Google will make changes to how it handles issues relating to research, diversity, and employee exits, reports Axios. The move comes after Google completed an internal investigation into the exit of the AI researcher Timnit Gebru. Following the probe, Google has sacked the lead of its Ethical Artificial Intelligence team, Meg Mitchell.
According to the report, Google will match pay for those at the VP level and above to accomplish its diversity and inclusion objectives. Going forward, the company will also aim to streamline the process of publishing research papers. Other measures include procedures for potentially sensitive employee exists, added the report.
Google AI head Jeff Dean reportedly told employees in a memo that the company could have handled the situation better and with more sensitivity.
“I heard and acknowledge what Dr. Gebru's exit signified to female technologists, to those in the Black community and other underrepresented groups who are pursuing careers in tech, and to many who care deeply about Google's responsible use of AI. It led some to question their place here, which I regret,” Dean wrote in the memo.

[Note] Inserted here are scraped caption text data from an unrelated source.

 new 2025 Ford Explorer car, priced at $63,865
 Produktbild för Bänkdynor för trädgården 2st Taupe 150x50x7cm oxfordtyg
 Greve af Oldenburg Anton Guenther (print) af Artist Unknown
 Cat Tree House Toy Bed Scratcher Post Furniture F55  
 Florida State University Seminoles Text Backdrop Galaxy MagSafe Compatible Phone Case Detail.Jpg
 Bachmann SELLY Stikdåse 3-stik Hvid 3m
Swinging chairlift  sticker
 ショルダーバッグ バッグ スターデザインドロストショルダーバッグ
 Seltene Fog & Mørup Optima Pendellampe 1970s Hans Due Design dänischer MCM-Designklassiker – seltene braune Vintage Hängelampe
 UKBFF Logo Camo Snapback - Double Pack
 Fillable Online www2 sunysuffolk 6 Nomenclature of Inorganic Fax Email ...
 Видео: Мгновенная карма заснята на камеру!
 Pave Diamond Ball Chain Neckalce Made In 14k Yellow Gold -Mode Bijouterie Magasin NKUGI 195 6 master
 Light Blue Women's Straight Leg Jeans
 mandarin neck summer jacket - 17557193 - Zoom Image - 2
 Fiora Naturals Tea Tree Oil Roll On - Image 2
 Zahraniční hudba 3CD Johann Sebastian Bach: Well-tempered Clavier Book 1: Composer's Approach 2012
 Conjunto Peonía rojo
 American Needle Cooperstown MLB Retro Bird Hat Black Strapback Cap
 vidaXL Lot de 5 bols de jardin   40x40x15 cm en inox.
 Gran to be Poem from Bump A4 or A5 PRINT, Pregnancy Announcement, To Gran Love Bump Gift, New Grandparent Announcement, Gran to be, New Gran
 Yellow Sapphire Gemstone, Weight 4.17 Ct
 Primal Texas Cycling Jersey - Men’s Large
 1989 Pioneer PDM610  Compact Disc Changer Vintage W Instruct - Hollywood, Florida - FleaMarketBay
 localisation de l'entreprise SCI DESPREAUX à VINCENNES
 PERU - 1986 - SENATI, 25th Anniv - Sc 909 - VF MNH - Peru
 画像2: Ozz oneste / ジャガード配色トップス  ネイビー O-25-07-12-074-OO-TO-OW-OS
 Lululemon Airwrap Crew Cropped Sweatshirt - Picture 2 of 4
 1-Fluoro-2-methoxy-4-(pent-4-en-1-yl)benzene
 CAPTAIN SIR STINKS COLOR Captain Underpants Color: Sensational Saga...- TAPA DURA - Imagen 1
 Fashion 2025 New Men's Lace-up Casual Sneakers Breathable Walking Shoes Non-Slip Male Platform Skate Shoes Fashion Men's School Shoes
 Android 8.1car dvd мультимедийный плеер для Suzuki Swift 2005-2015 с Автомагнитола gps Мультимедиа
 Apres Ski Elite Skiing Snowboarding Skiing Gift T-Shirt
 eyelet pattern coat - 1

In case you did know, Google had asked Gebru to retract a research paper she had co-authored. After the directive, Gebru said she would resign from her position and work on a transition plan. Google, however, chose to end her employment with the company. Her exit led to a big backlash with some engineers quitting the company in protest. Google argued that Gebru's paper was not submitted properly, a claim the research team had disputed.
Earlier, Google fired Margaret Mitchell, the founder and former co-lead of the company's ethical AI team. In January, Google had blocked Mitchell's access to her corporate e-mail.
“After conducting a review of this manager's conduct, we confirmed that there were multiple violations of our code of conduct, as well as of our security policies, which included the exfiltration of confidential business-sensitive documents and private data of other employees,” Google said in a statement.